Describe the solution you'd like

I'm not sure if there's one correct way to address this, but I think it makes more sense not to count self 0 distance hits. I'm less certain on the (2,1), (1,2) double-counting problem. For one data point, Gromacs will only count one hit, so for the example above there would be 6 total entries in counts - (0,1), (0,2), (0,3), (1,2), (1,3), and (2, 3).

If that approach were to be adapted, we could also use the self-search optimization in NSGrid for the common case of the two input selections being identical (in my research, that was pretty much exclusively what I did), which cuts the runtime of the analysis about in half.

Describe alternatives you've considered

There could instead be a self-rdf class if we wanted both behaviors to exist, or a flag to switch between them in InterRDF.

Additional context

richardjgowers commented 2 years ago

I thought there was already self-RDF but apparently not. I think this is probably a good idea, and making it generalisable to allow any width of diagonal band to be excluded sounds useful for e.g. polymers where you don't want to exclude the same chain, but some sort of length.
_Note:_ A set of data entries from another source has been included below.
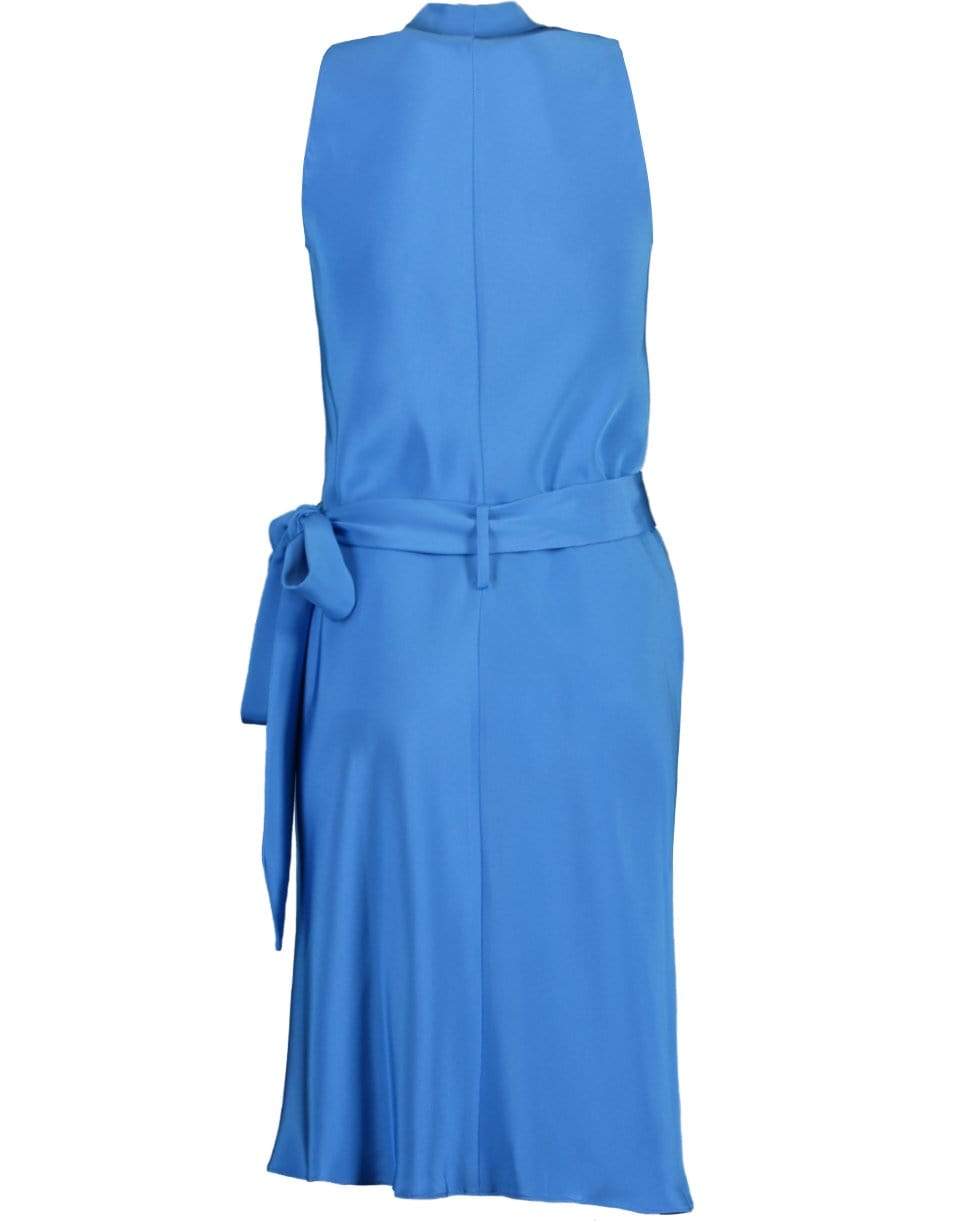 PETER COHEN-Yard Dress - Azure-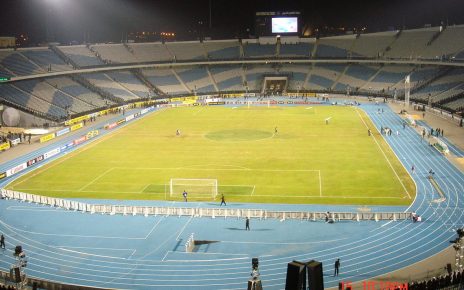 Cairo International Stadium.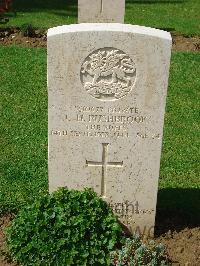 Coriano Ridge War Cemetery - Rushbrook, Charles Herbert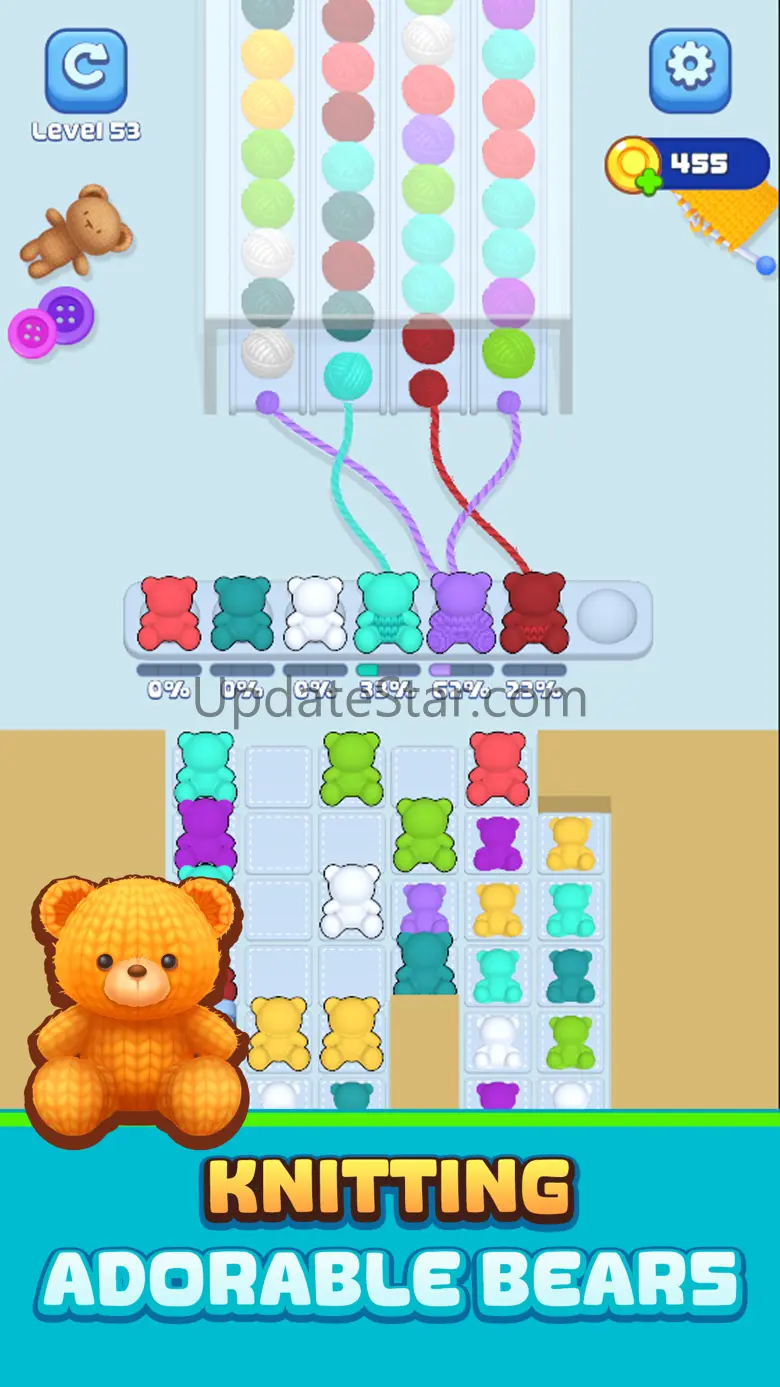 Knit Craze: Color Wool Sort 0.2.0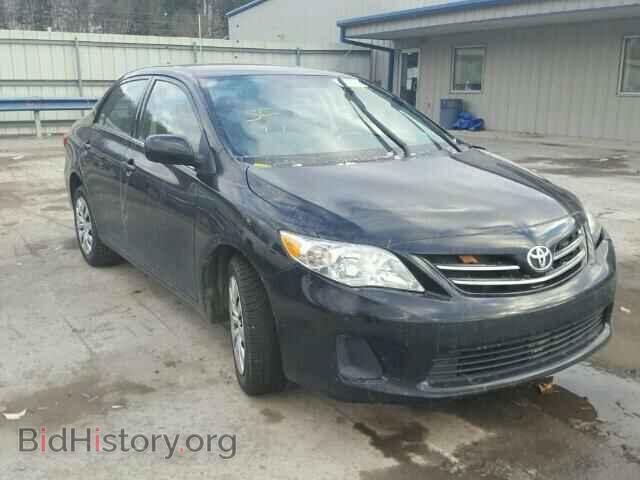 Photo 2T1BU4EE8DC978525 - TOYOTA COROLLA 2013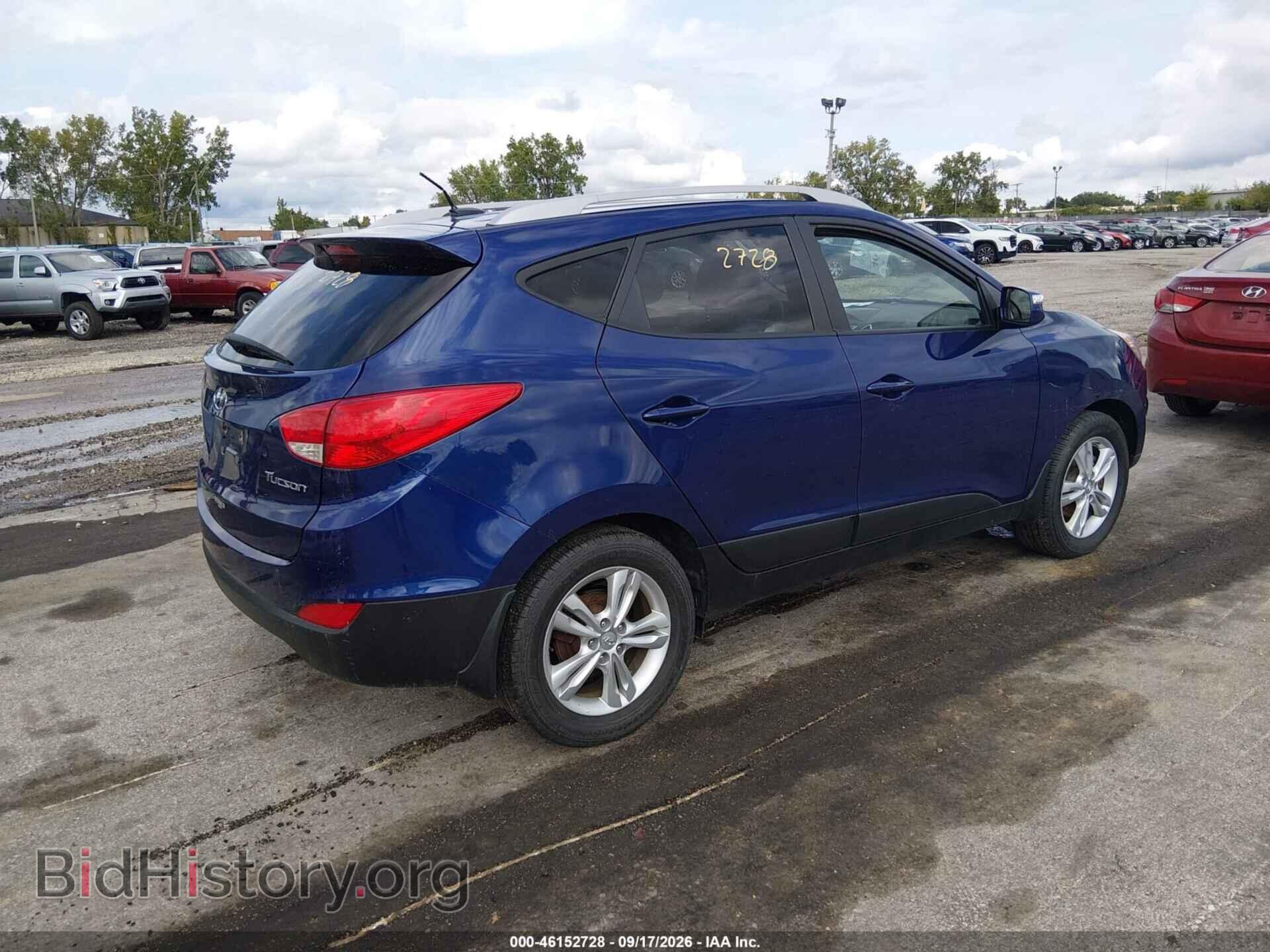 2012 HYUNDAI TUCSON - VIN: KM8JU3AC3CU498433 - Фото 4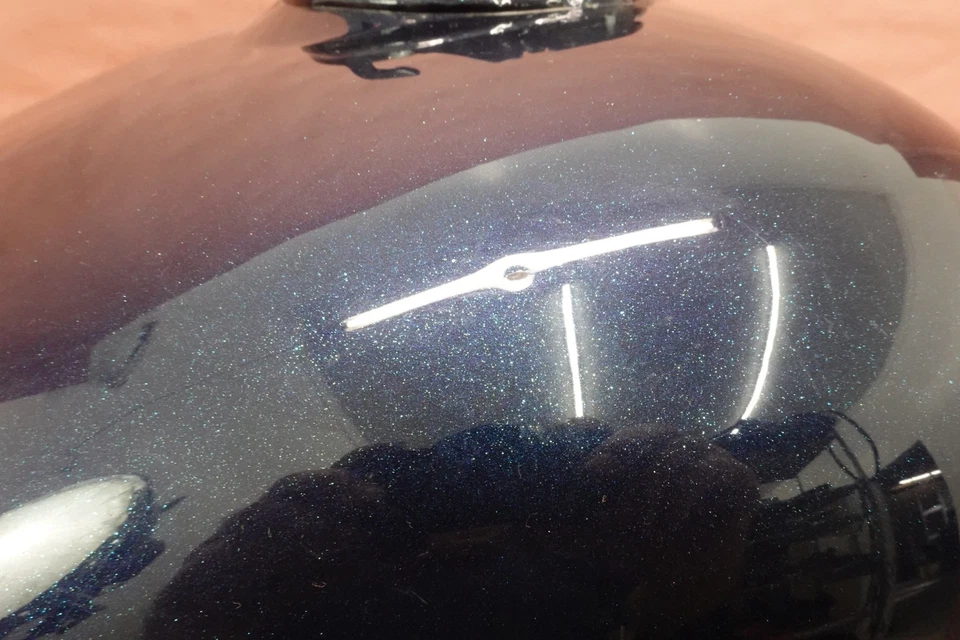 Harley-Davidson Road Glide 2012-2017 tanque de gasolina pila de combustible depósito de gasolina Foto 3 de 4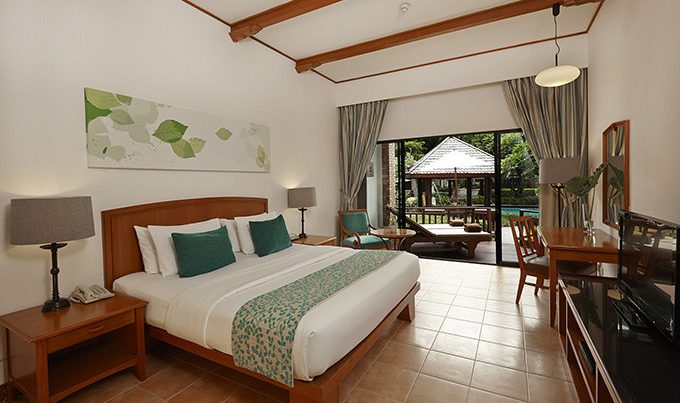 Woodlands Resort Pattaya deluxe terrace kamer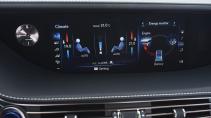 Lexus LS 500h AWD President Line display (2018)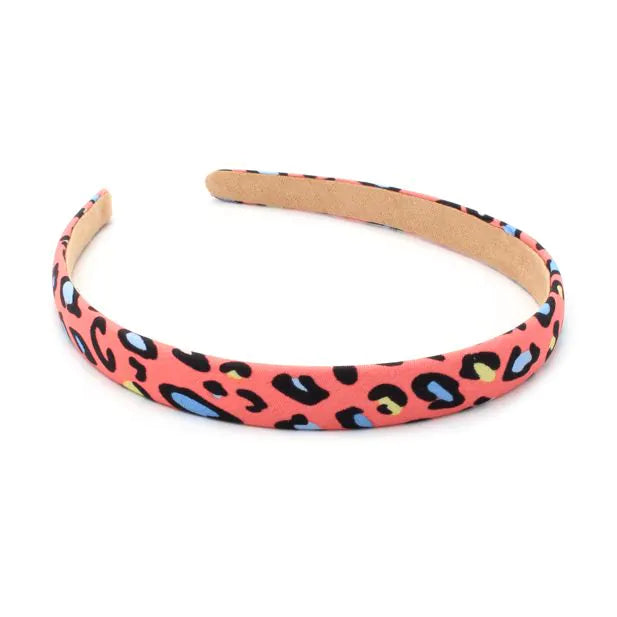 Leopard Print Aliceband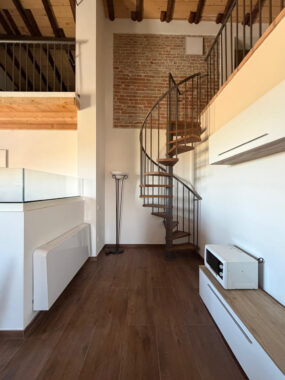 TRILOCALE ZONA CASALFOSCHINO SOLO AFFITTI TRANSITORI UTENZE COMPRESE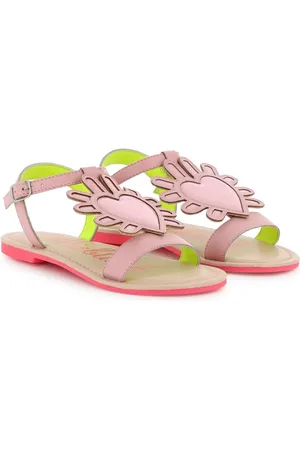 Billieblush Sandaler med hjärtapplikation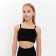 TOP for Minaku girl will bloom black, height 134 cm
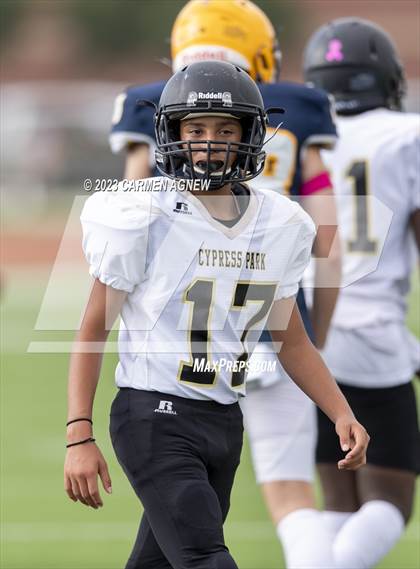 Thumbnail 3 in Cypress Ranch vs Cypress Park (B Teams) photogallery.
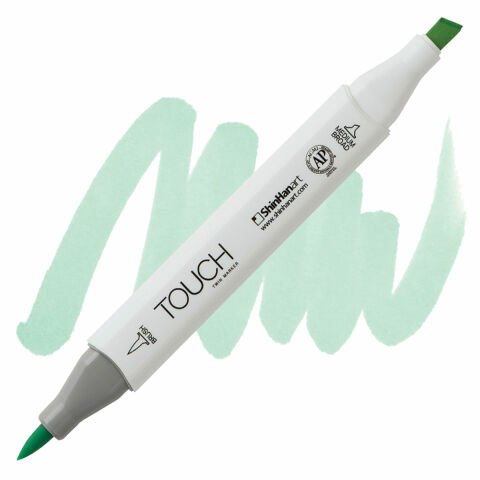 Touch Twin Brush Marker - Spectrum Green GY172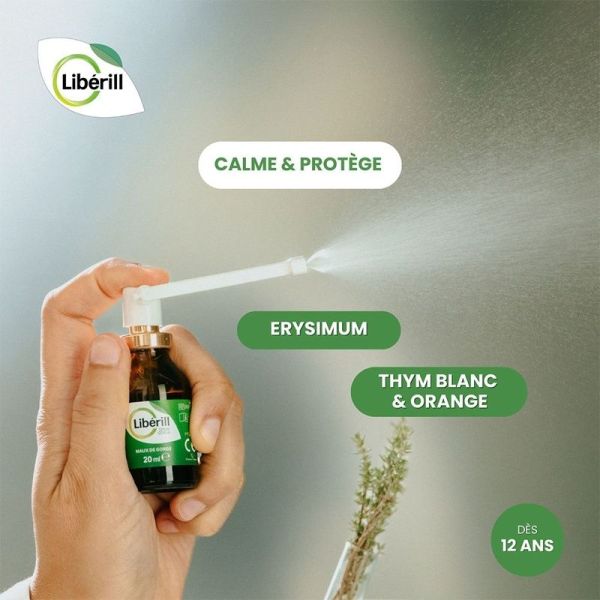 Libérill Spray gorge - 20ml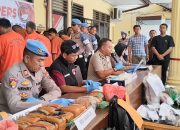 Polres Pematangsiantar Gelar Konferensi Pers Hasil Akhir Ops Antik Toba Tahun 2026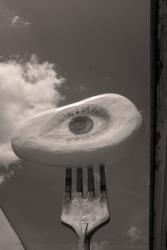 Stanko Abad�ic - Fork and Eye Sign
Click for more Images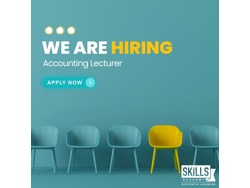 Accounting Lecturer Needed Urgently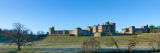 Alnwick Castle spring frost
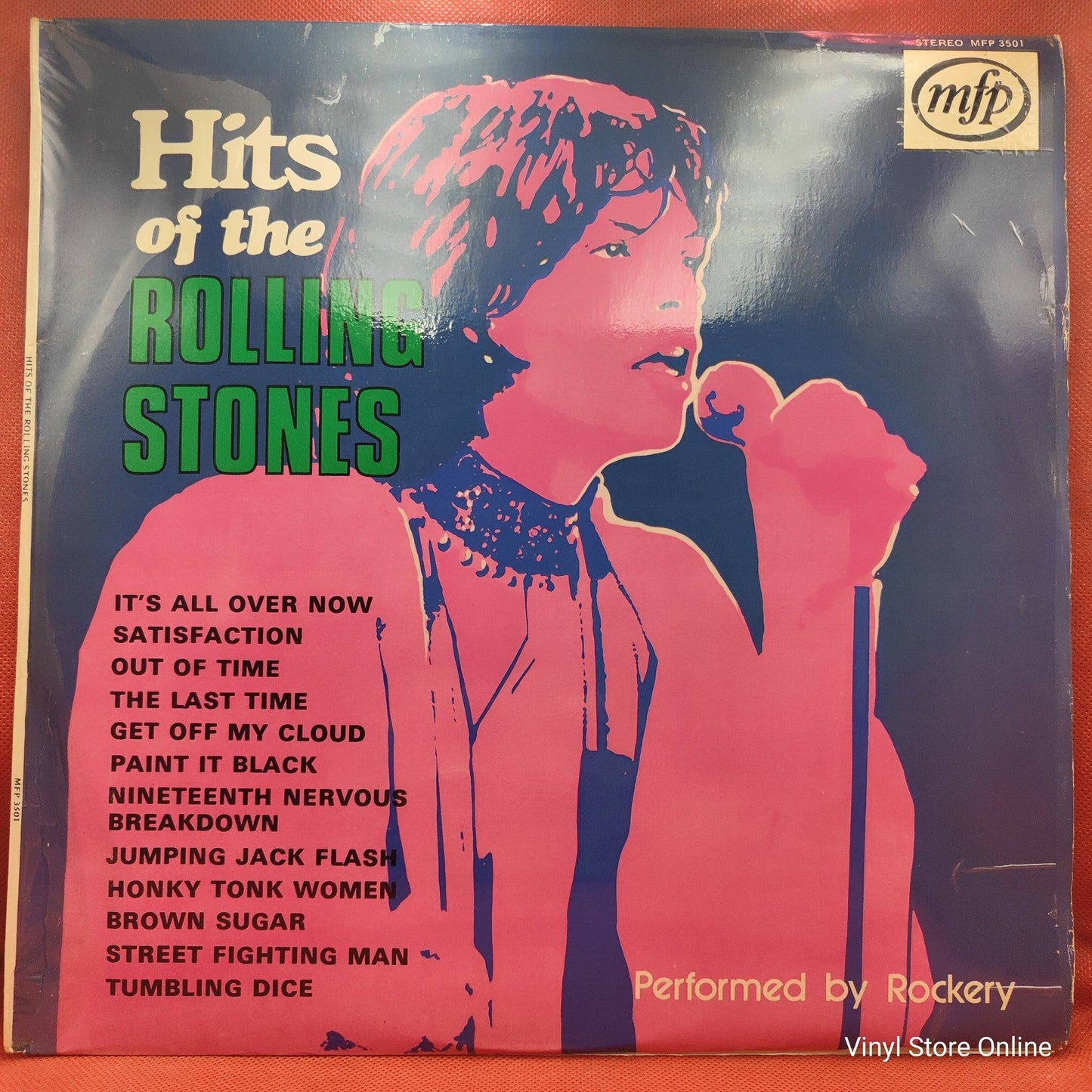 Rockery ‎– Hits Of The Rolling Stones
One sticky point in implementing this is currently numpy doesn't really offer a nice way of implementing a set of pairs of ints (i.e. std::map<std::pair<int, int>>). This would also be useful in our bond algorithms, so having a nice implementation in lib._cutil would be super handy.

orbeckst commented 2 years ago

Could one use a similar approach as used for exclusions to get single counts?